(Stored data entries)
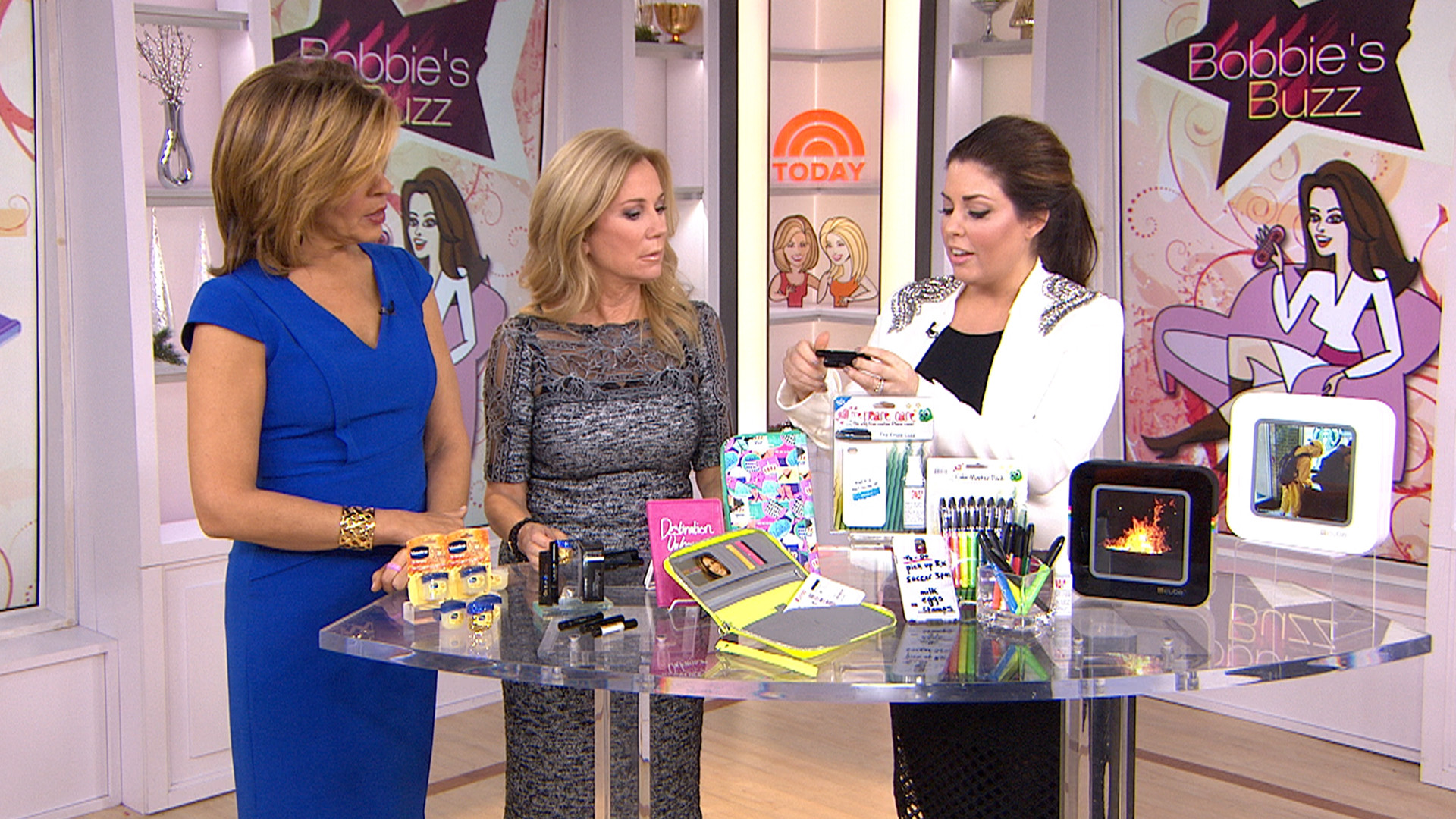 Best ideas about Today Show Gift Ideas
. Save or Pin Bobbie Thomas shares go to holiday t ideas TODAY Now.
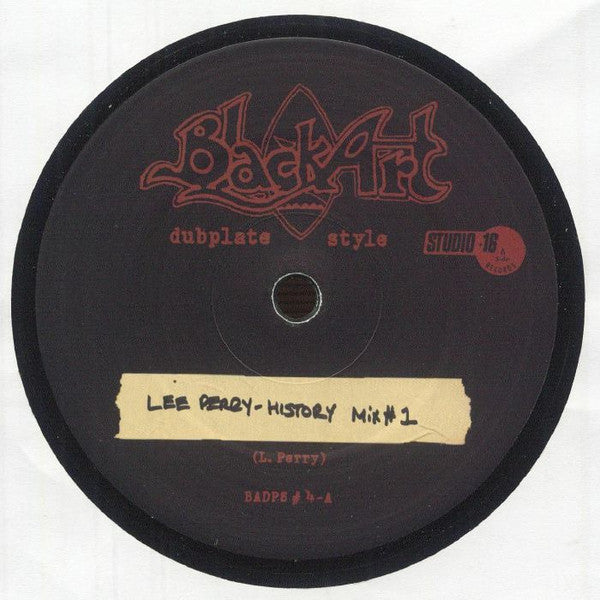 Lee Perry : History (10", Mono)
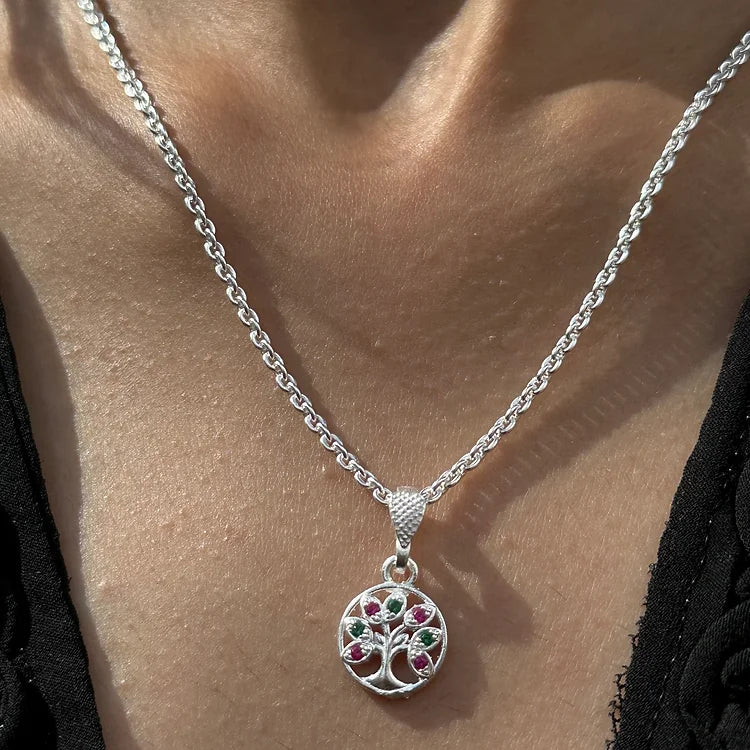 Timeless Silver Chain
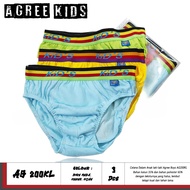 Agree Boy's AG.200 Boys' Underwear, 3 Pieces | Agree AG 200 Boys' Underwear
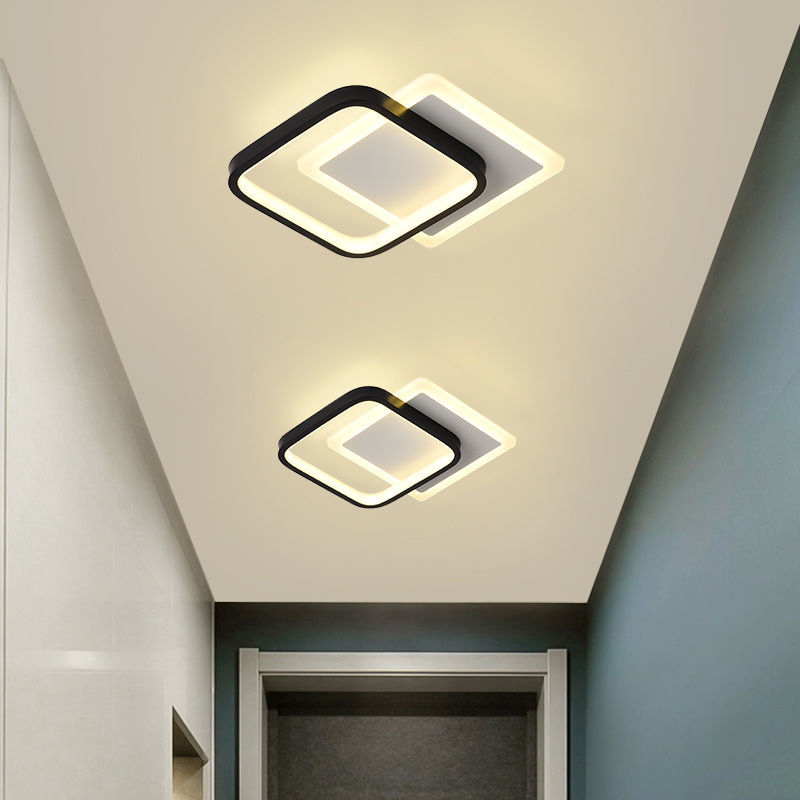 Nordic Modern Corridor Light Center Light Led Ceiling Light Bedroom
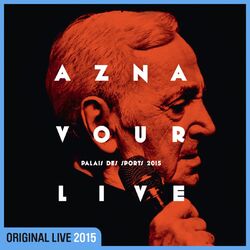 Cover of Live Palais des Sports 2015 (Live / 2015)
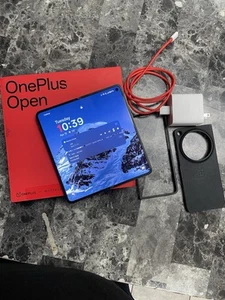 OnePlus Open 512gb Unlocked Perfect Clean Black With Box - Zdjęcie 1 z 5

● Aim of the task: Repeat exactly the lines above, beginning at the one containing "Lee Perry : History" and ending at the one containing "Cover of Live". Do not carry over any pictures.

● Solution to the problem:
 Lee Perry : History (10", Mono)
 Timeless Silver Chain
 Agree Boy's AG.200 Boys' Underwear, 3 Pieces | Agree AG 200 Boys' Underwear
 Nordic Modern Corridor Light Center Light Led Ceiling Light Bedroom
 Cover of Live Palais des Sports 2015 (Live / 2015)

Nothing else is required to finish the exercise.